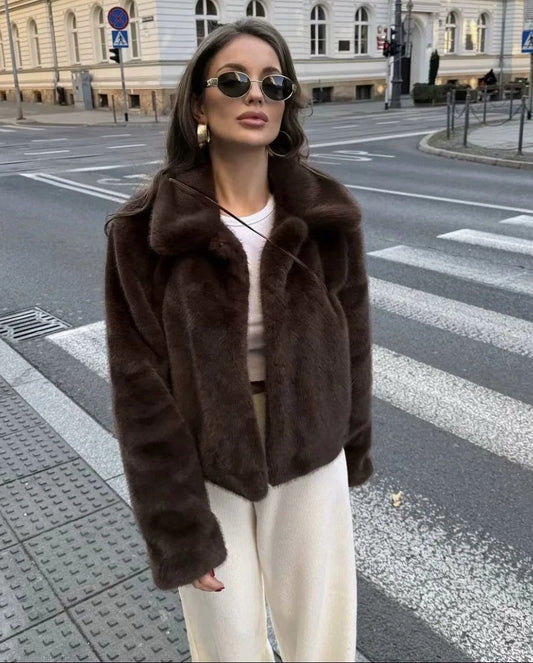 Mujer Abrigo Corto de Invierno | Cuello de Pelo Sintético & Hombreras | Otoño e Invierno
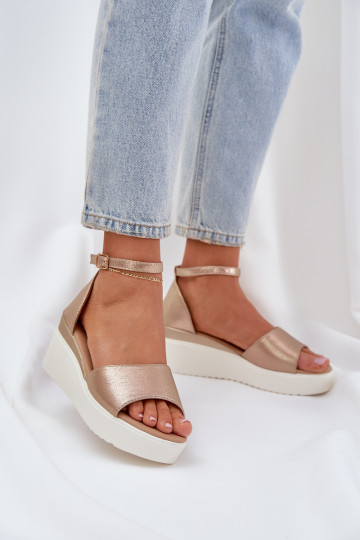 Sandalias ligeras con una plataforma I Sutilm Koturnie color dorado Gillifia 2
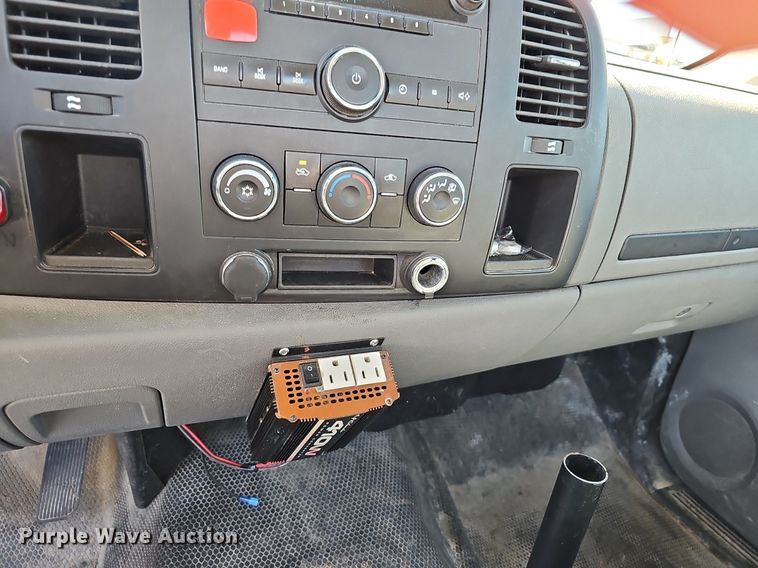 image for item EJ5884 2007 Chevrolet Silverado 1500 pickup truck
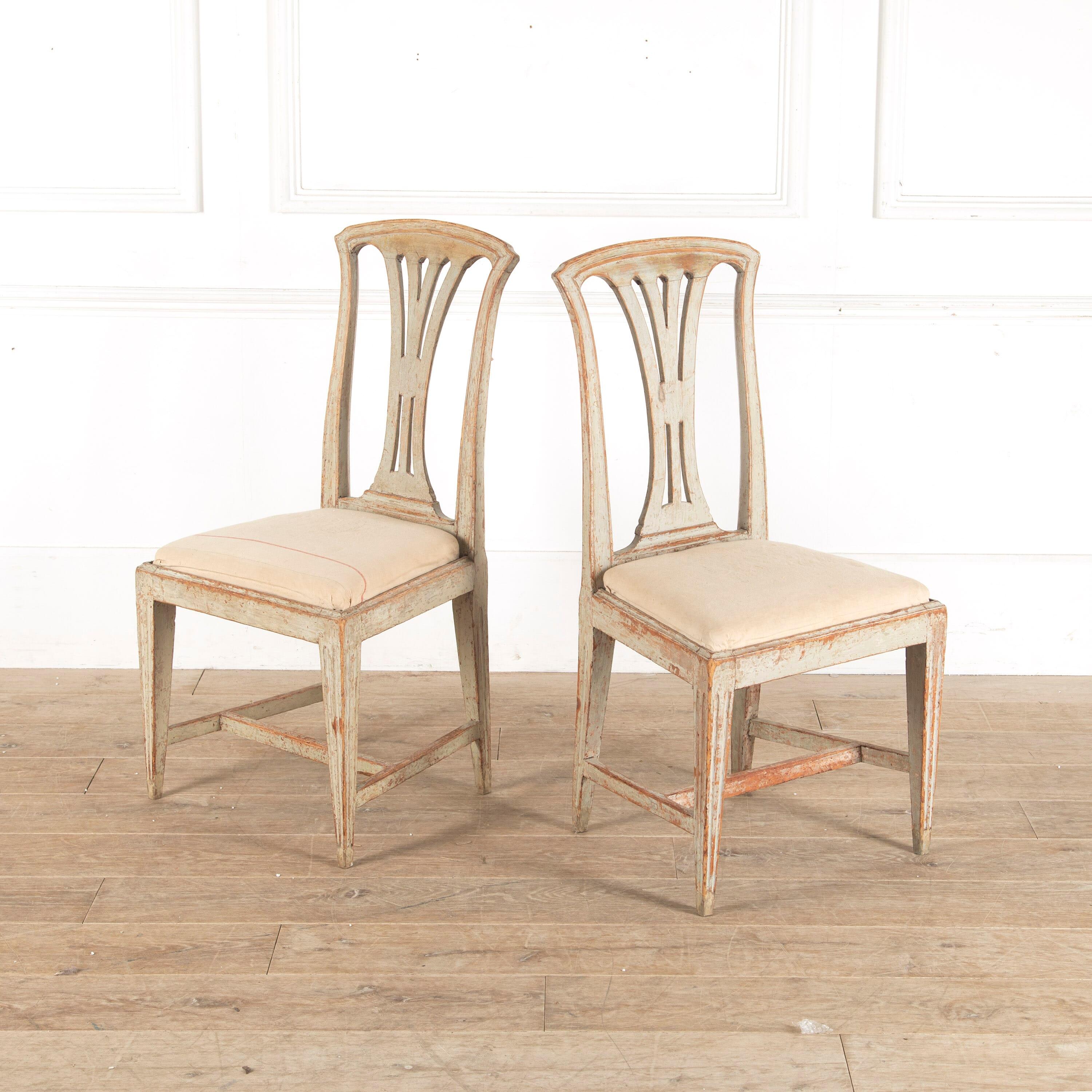 Paire de chaises fabriquées par le maître artisan Johan Erik Hoglander à Stockholm (1750-1813). Considéré comme l'un des meilleurs fabricants de chaises de Suède au 18e siècle. La peinture d'origine est grattée et stabilisée pour une utilisation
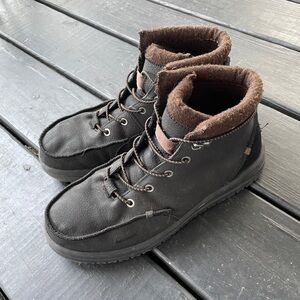 Hey Dude men’s black leather boots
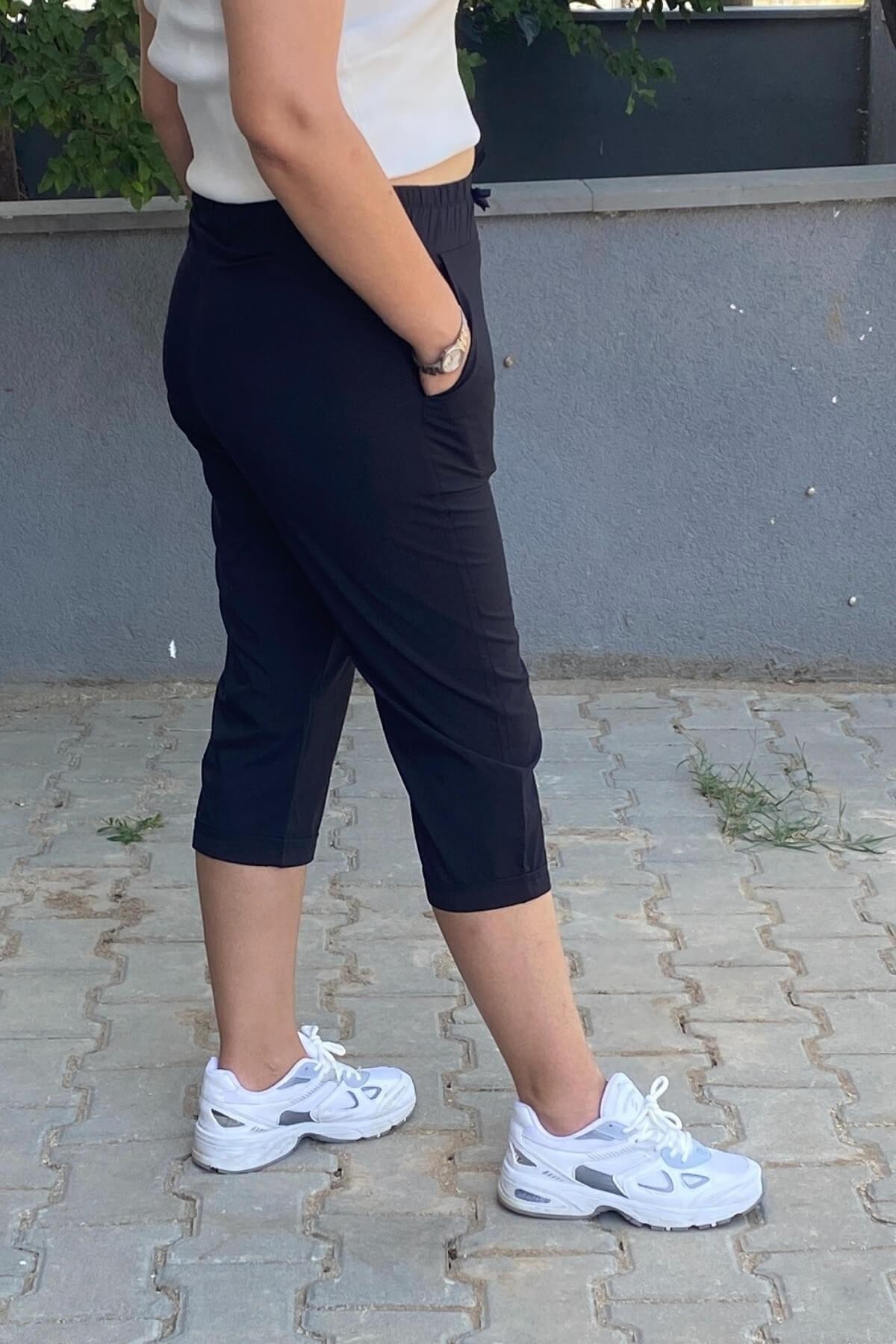 Kadın Siyah Akar Kumaş Kapri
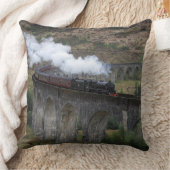 Coussin Vieux train de vapeur sur le viaduc de Glenfinnan (Couverture)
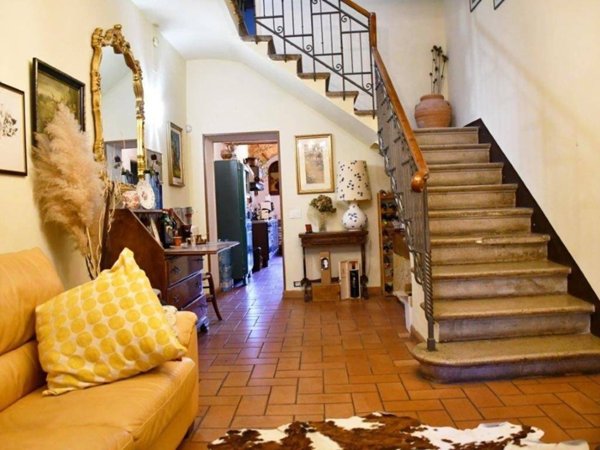 casa indipendente in vendita ad Arezzo in zona Centro Città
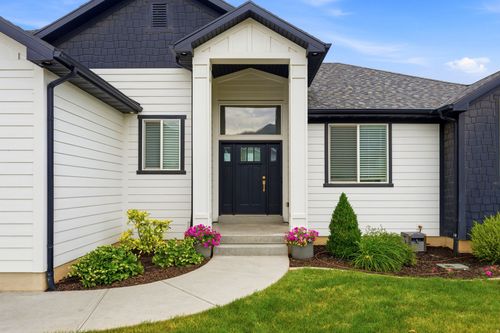 106 S 1800 E, Layton, UT, 84040-4565 | Card Image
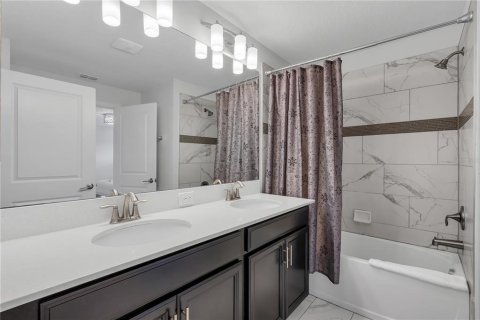 Townhouse in Davenport, Florida 4 bedrooms, 176.7 sq.m. № 1828445 - photo 15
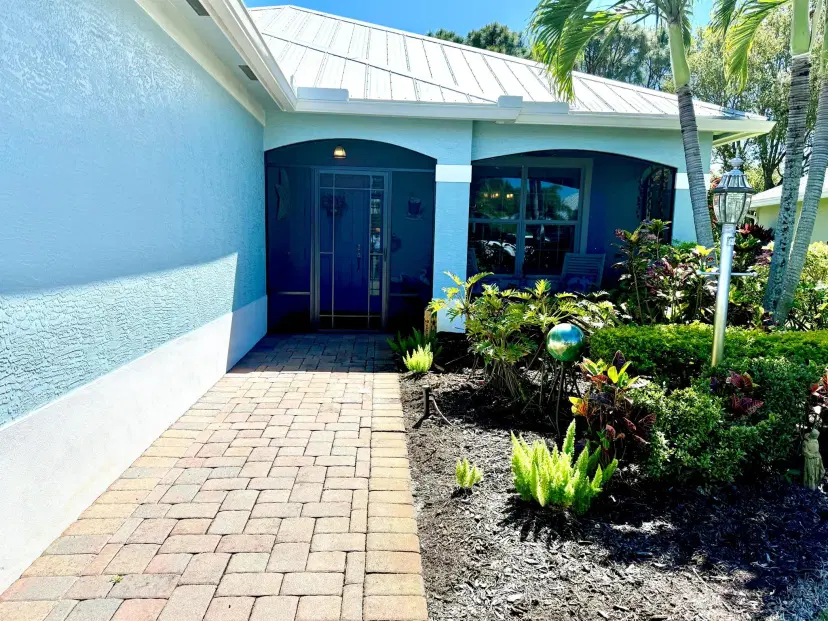 Picture of 447 11Th Square Sw, Vero Beach FL 32962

Task:
All lines from the line with "Hey Dude men’s black leather boots" through the final line of the listing are to be printed exactly, both ends included; the pictures are not.

Reply to the task:
 Hey Dude men’s black leather boots
 Kadın Siyah Akar Kumaş Kapri
 Coussin Vieux train de vapeur sur le viaduc de Glenfinnan (Couverture)
 casa indipendente in vendita ad Arezzo in zona Centro Città
 106 S 1800 E, Layton, UT, 84040-4565 | Card Image
 Townhouse in Davenport, Florida 4 bedrooms, 176.7 sq.m. № 1828445 - photo 15
 Picture of 447 11Th Square Sw, Vero Beach FL 32962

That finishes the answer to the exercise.